Line by line, copy the records below exactly and leave the pictures out.

───── Source records

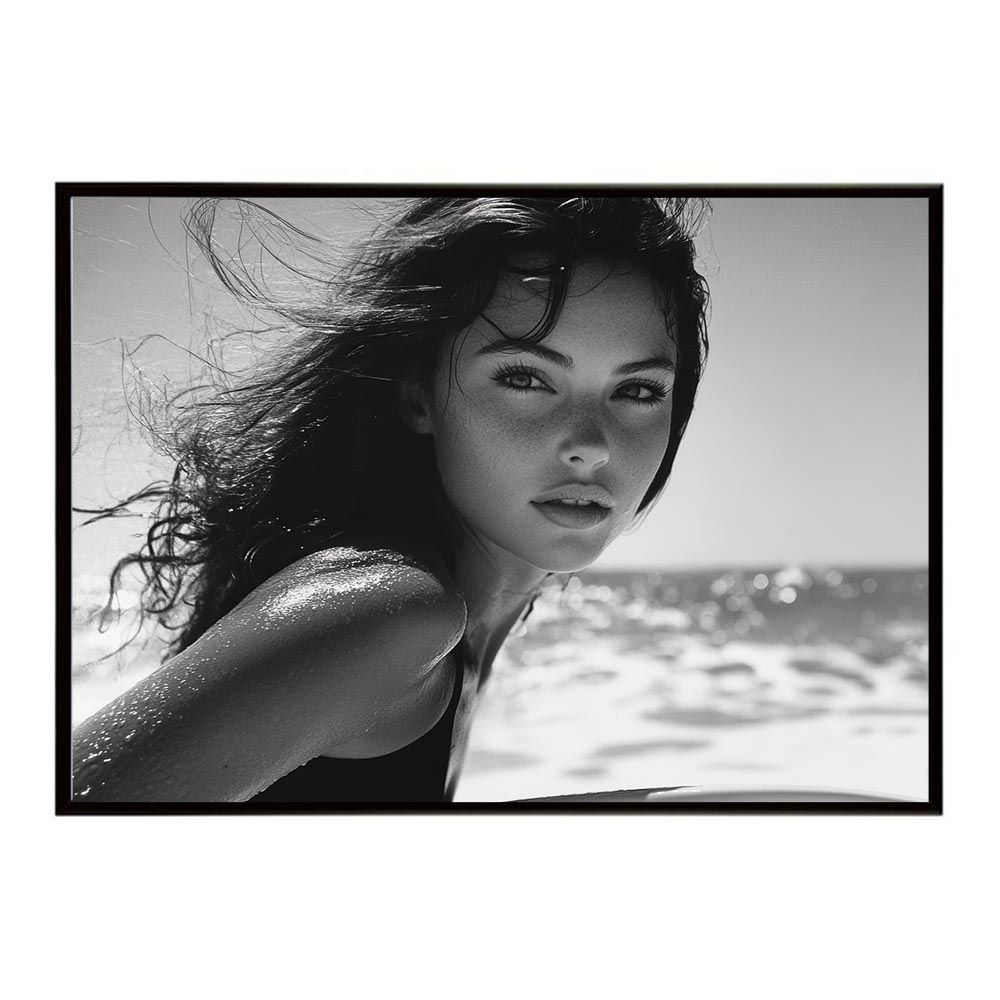 B2サイズ（約51x73cm）】【lh-poster-8579】サーフガール モノクロ 海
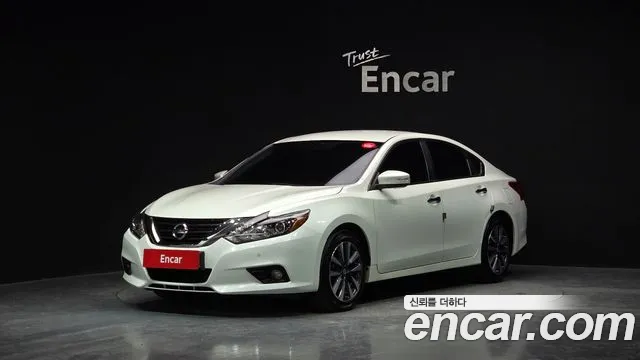 Nissan Altima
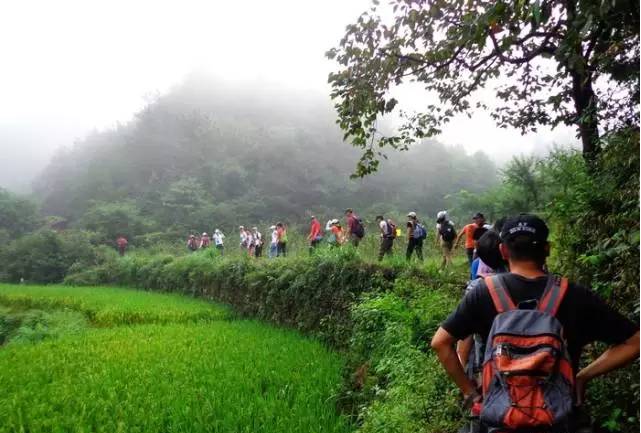 走不完的山川大地,走不完的川西看不完的美景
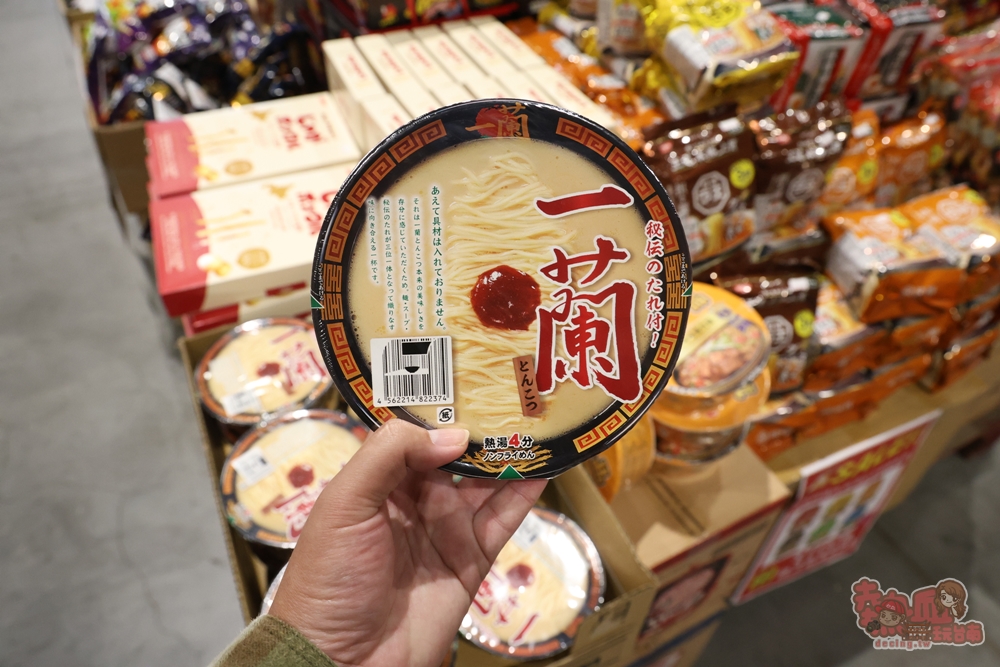 【台南特賣】台灣廠拍年終場,超夯按摩椅價格超下殺!全家福鞋店首次特賣、服飾一折起、各國零食和家電用品一次買齊~ 【台南特賣】台灣廠拍年終場,超夯按摩椅價格超下殺!全家福鞋店首次特賣、服飾一折起、各國零食和家電用品一次買齊~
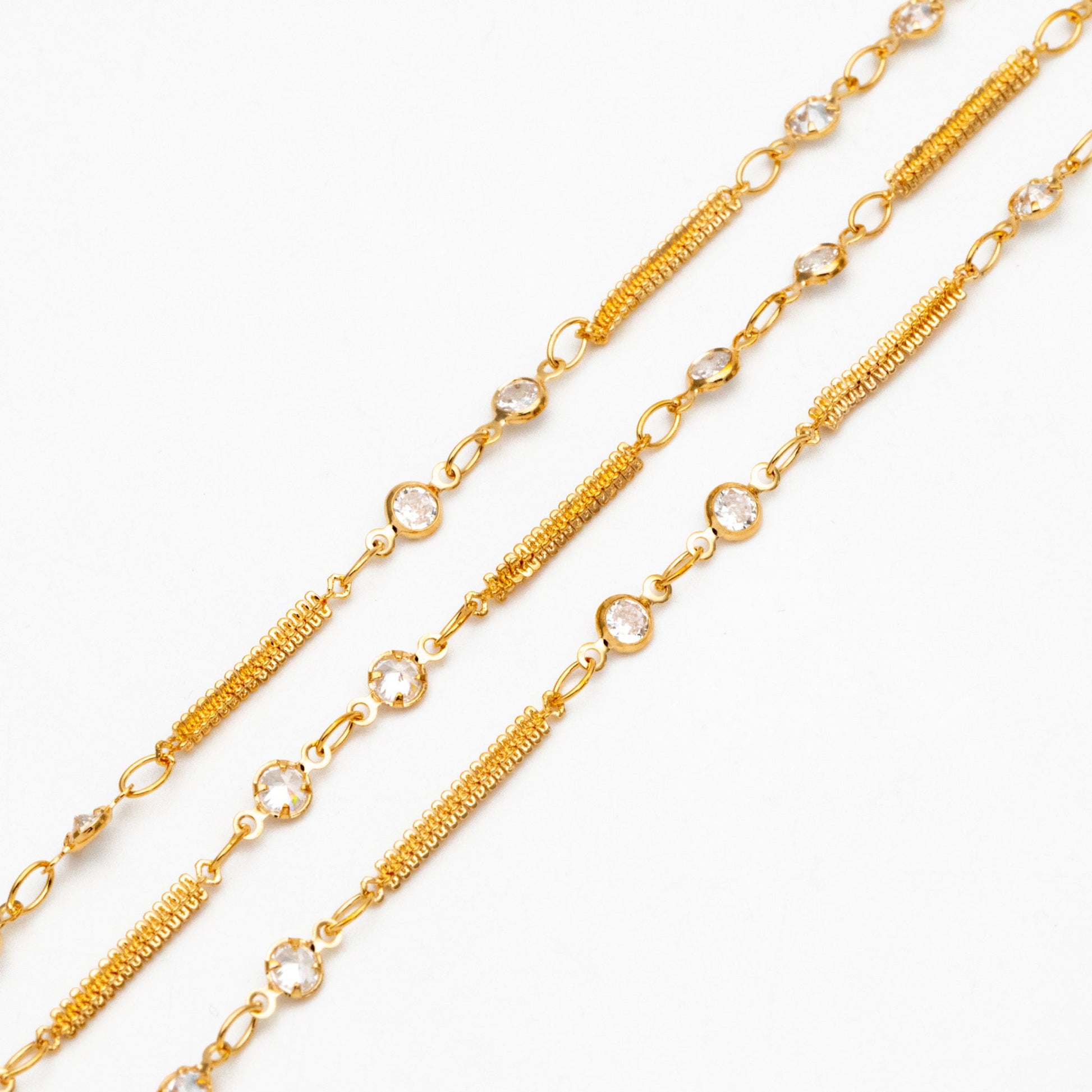 CZ Paved Gold Circle Bezel Connector Specialty Chains 2mm, 18K Gold plated Brass, DIY Necklace Chain Wholesale (#LK-593)/ 1 Meter=3.3 ft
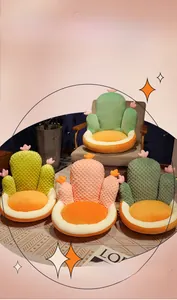 Détail d'un coussin de chaise doux en forme de cactus avec tissu velours texturé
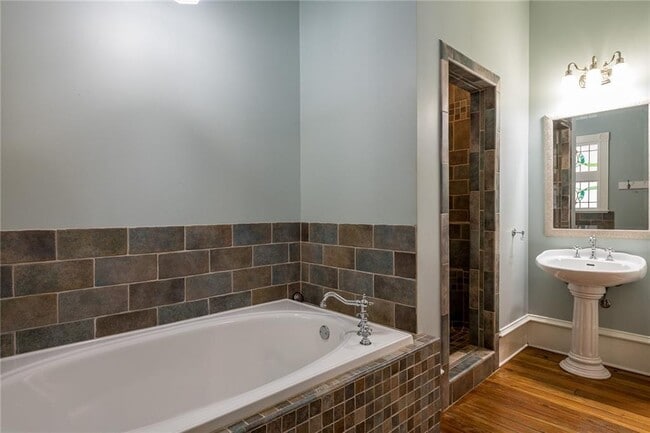 Building Photo - 765 Woodland Ave SE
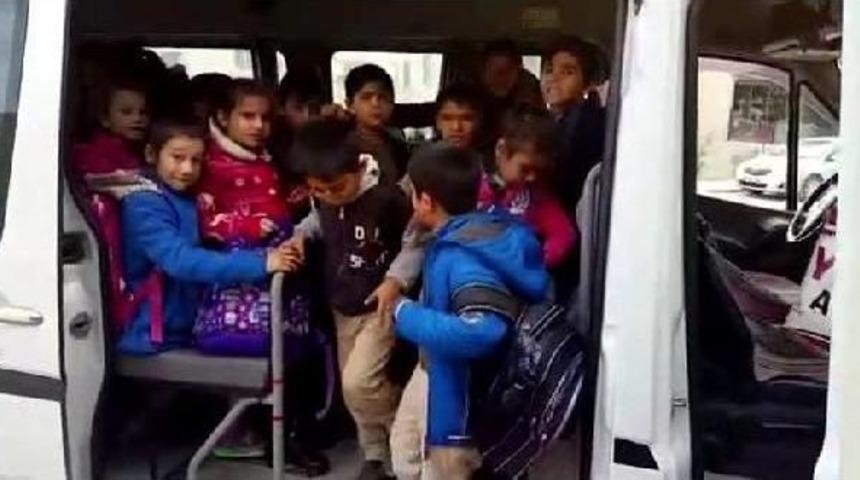 Adana'da 17 Kişilik Servisten 48 &Ouml;ğrenci &Ccedil;ıktı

──────────

[Exercise response]
 B2サイズ（約51x73cm）】【lh-poster-8579】サーフガール モノクロ 海
 Nissan Altima
 走不完的山川大地,走不完的川西看不完的美景
 【台南特賣】台灣廠拍年終場,超夯按摩椅價格超下殺!全家福鞋店首次特賣、服飾一折起、各國零食和家電用品一次買齊~ 【台南特賣】台灣廠拍年終場,超夯按摩椅價格超下殺!全家福鞋店首次特賣、服飾一折起、各國零食和家電用品一次買齊~
 CZ Paved Gold Circle Bezel Connector Specialty Chains 2mm, 18K Gold plated Brass, DIY Necklace Chain Wholesale (#LK-593)/ 1 Meter=3.3 ft
 Détail d'un coussin de chaise doux en forme de cactus avec tissu velours texturé
 Building Photo - 765 Woodland Ave SE
 Adana'da 17 Kişilik Servisten 48 &Ouml;ğrenci &Ccedil;ıktı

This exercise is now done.